Friday, January 26, 2018

Author of the day: E.M. Forster



E. M. Forster was an English writer best known for his novels Howards End and A Passage to India. He was born Edward Morgan Forster on January 1st, 1879 in Marylebone, Middlesex, England, to Alice Clara (nee Whichelo) Forster, and Edward Morgan Llewellyn Forster, an architect. His father died before he was two years old. He attended Tonbridge School in Kent, and then King's College in Cambridge from 1897 to 1901. After graduating from university he traveled with his mother in Europe. His first novel was published in 1905, titled Where Angels Fear to Tread. He went on to write four more novels, the next three of which were written by 1914.

In 1887 he inherited a large sum of money, which enabled him to spend time working on his writing career when he was older.
In 1914 when E. M. Forster traveled to Egypt, Germany, and India with Goldsworthy Lowes Dickinson, he had already written four of his five novels.
E. M. Forster volunteered with the International Red Cross during the First World War, and was stationed in Alexandria, Egypt.
In the early 1920s E. M. Forster was Tukojirao III's private secretary.
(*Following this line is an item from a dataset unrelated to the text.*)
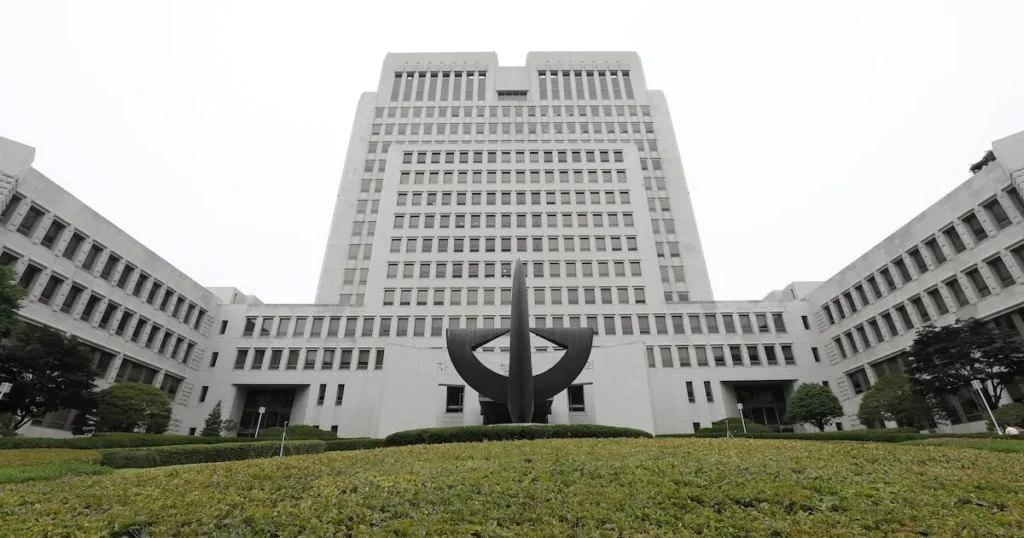 Man Gets 10 Years for Shaking 1-Month-Old Son to Near Death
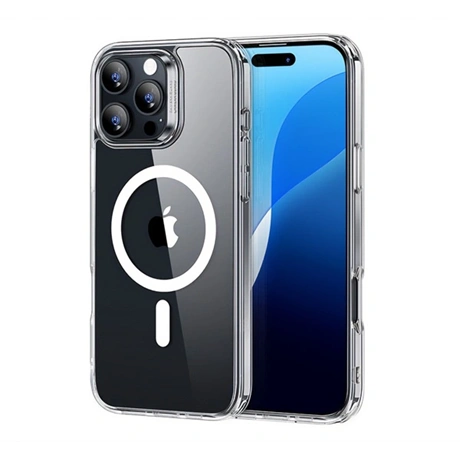 Zadní Kryt ESR pro Apple iPhone 16 Pro bezbarvý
He wrote The Hill of Devil, a non-fiction memoir of his experience as private secretary to the Maharajah of Dewas (Tukojirao III).
Upon his return to London from India E. M. Forster wrote his novel A Passage to India, which was published in 1924.
E. M. Forster won the James Tait Black memorial Prize for fiction for A Passage to India.
E. M. Forster became a broadcaster on BBC Radio from the 1930s to the 1940s. George Orwell commissioned his weekly book review, establishing E. M. Forster as a critic. In 1937 Forster received the Benson Medal.
E. M. Forster was friends with other writers including Siegfried Sassoon (a poet), Forrest Reid (novelist), and Christopher Isherwood.
E. M. Forster lived with his mother from 1925 until she died at the age of 90, in 1945.
In January, 1946 E. M. Forster was appointed as an honorary fellow of King's College in Cambridge.
In 1949 Forster declined being knighted, but in 1953 he was made a Companion of Honour.
In 1969 E. M. Forster became a member of the Order of Merit.
E. M. Forster had five novels published during his lifetime including Where Angels Fear to Tread (1905), The Longest Journey (1907), A Room with a View (1908), Howards End (1910), and A Passage to India (1924).
A sixth novel titled Maurice was published after E. M. Forster died. Although published in 1971, E. M. Forster wrote the novel in 1913 to 1914.
E. M. Forster also wrote short stories, plays, film scripts, essay collections, biographies, travel guides, and a novel that was not completed titled Arctic Summer.
E. M. Forster died at the age of 91, on June 7th, 1970. He died of a stroke, while at the home of his friends Bob and Mary Buckinghams, in Coventry.
E. M. Forster edited an edition of Eliza Fay's letters from India, which was published in 1925. He described her letters as "little character sketches... delightfully malicious."